Good diversification

The 3 months correlation between Leggett and CHINA is -0.16. Overlapping area represents the amount of risk that can be diversified away by holding Leggett Platt Incorporated and CHINA HUARONG ENERHD 50 in the same portfolio, assuming nothing else is changed. The correlation between historical prices or returns on CHINA HUARONG ENERHD and Leggett Platt is a relative statistical measure of the degree to which these equity instruments tend to move together. The correlation coefficient measures the extent to which returns on Leggett Platt Incorporated are associated (or correlated) with CHINA HUARONG. Values of the correlation coefficient range from -1 to +1, where. The correlation of zero (0) is possible when the price movement of CHINA HUARONG ENERHD has no effect on the direction of Leggett Platt i.e., Leggett Platt and CHINA HUARONG go up and down completely randomly.

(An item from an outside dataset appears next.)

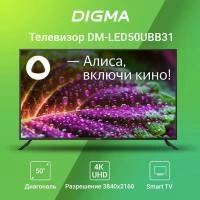 Телевизор Digma DM-LED55UBB31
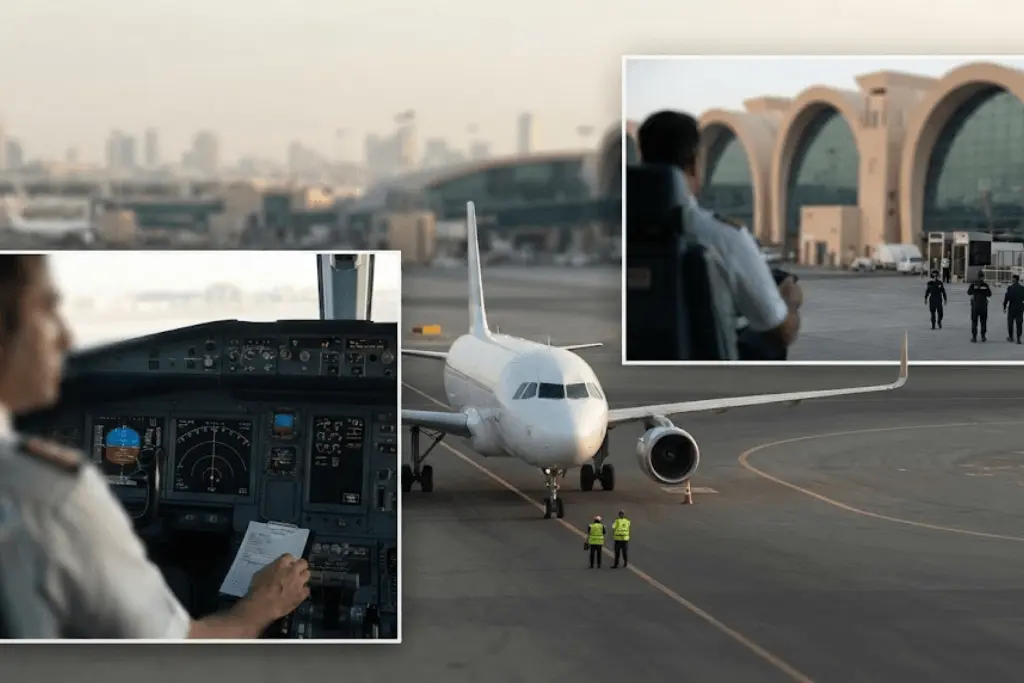 Omani pilots Tel Aviv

Pair Corralation between Leggett Platt and CHINA HUARONG

Assuming the 90 days horizon Leggett Platt Incorporated is expected to under-perform the CHINA HUARONG. But the stock apears to be less risky and, when comparing its historical volatility, Leggett Platt Incorporated is 11.52 times less risky than CHINA HUARONG. The stock trades about -0.05 of its potential returns per unit of risk. The CHINA HUARONG ENERHD 50 is currently generating about 0.13 of returns per unit of risk over similar time horizon. If you would invest  0.05  in CHINA HUARONG ENERHD 50 on September 15, 2024 and sell it today you would earn a total of  0.10  from holding CHINA HUARONG ENERHD 50 or generate 200.0% return on investment over 90 days.
Time Period3 Months [change]
DirectionMoves Against 
StrengthInsignificant
Accuracy100.0%
ValuesDaily Returns

Leggett Platt Incorporated  vs.  CHINA HUARONG ENERHD 50

 Performance 
       Timeline  
Leggett Platt 

Risk-Adjusted Performance

0 of 100

 
Weak
 
Strong
Very Weak
Over the last 90 days Leggett Platt Incorporated has generated negative risk-adjusted returns adding no value to investors with long positions. Despite nearly stable basic indicators, Leggett Platt is not utilizing all of its potentials. The current stock price disturbance, may contribute to mid-run losses for the stockholders.
CHINA HUARONG ENERHD 

Risk-Adjusted Performance

11 of 100

 
Weak
 
Strong
Good
Compared to the overall equity markets, risk-adjusted returns on investments in CHINA HUARONG ENERHD 50 are ranked lower than 11 (%) of all global equities and portfolios over the last 90 days. Despite nearly fragile basic indicators, CHINA HUARONG reported solid returns over the last few months and may actually be approaching a breakup point.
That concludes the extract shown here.